=== Activity ===
Output the whole listing below exactly, omitting the images.

=== Dataset section ===
══════

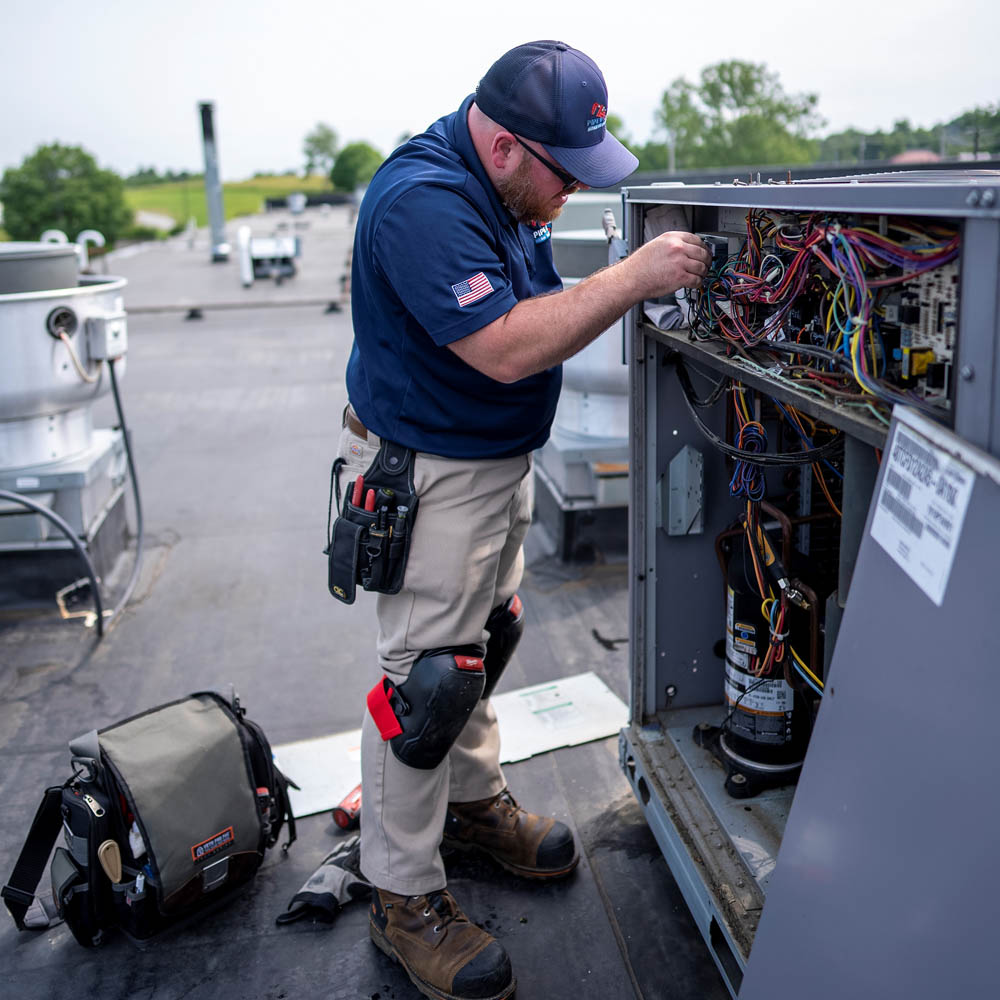 Pipe Wrench technician repairing a commercial HVAC system installed on a roof.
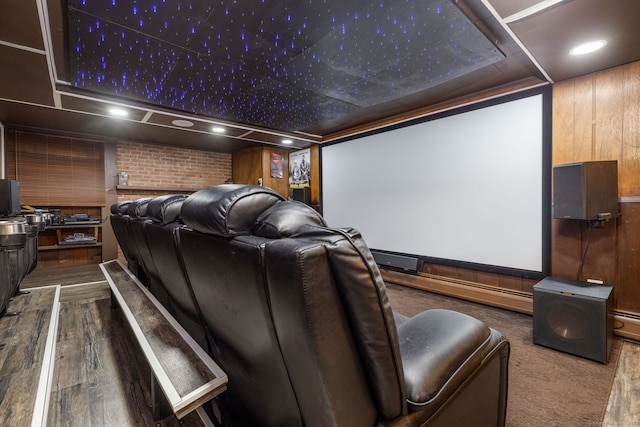 home theater featuring wood walls, wood finished floors, and recessed lighting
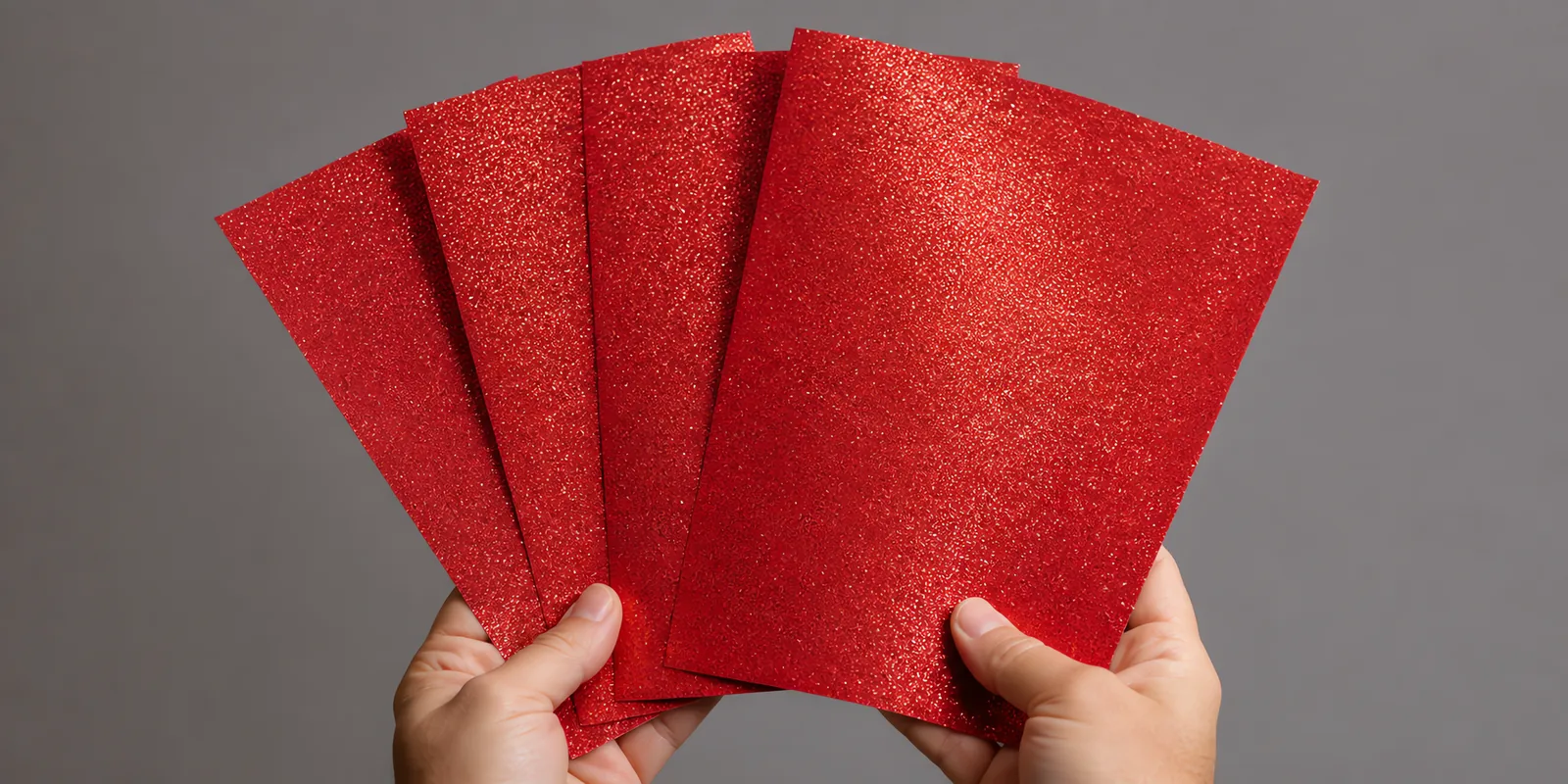 Manos sosteniendo varias hojas de papel con glitter rojo manzana encantada abiertas en abanico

══════

=== Completed task ===
 Pipe Wrench technician repairing a commercial HVAC system installed on a roof.
 home theater featuring wood walls, wood finished floors, and recessed lighting
 Manos sosteniendo varias hojas de papel con glitter rojo manzana encantada abiertas en abanico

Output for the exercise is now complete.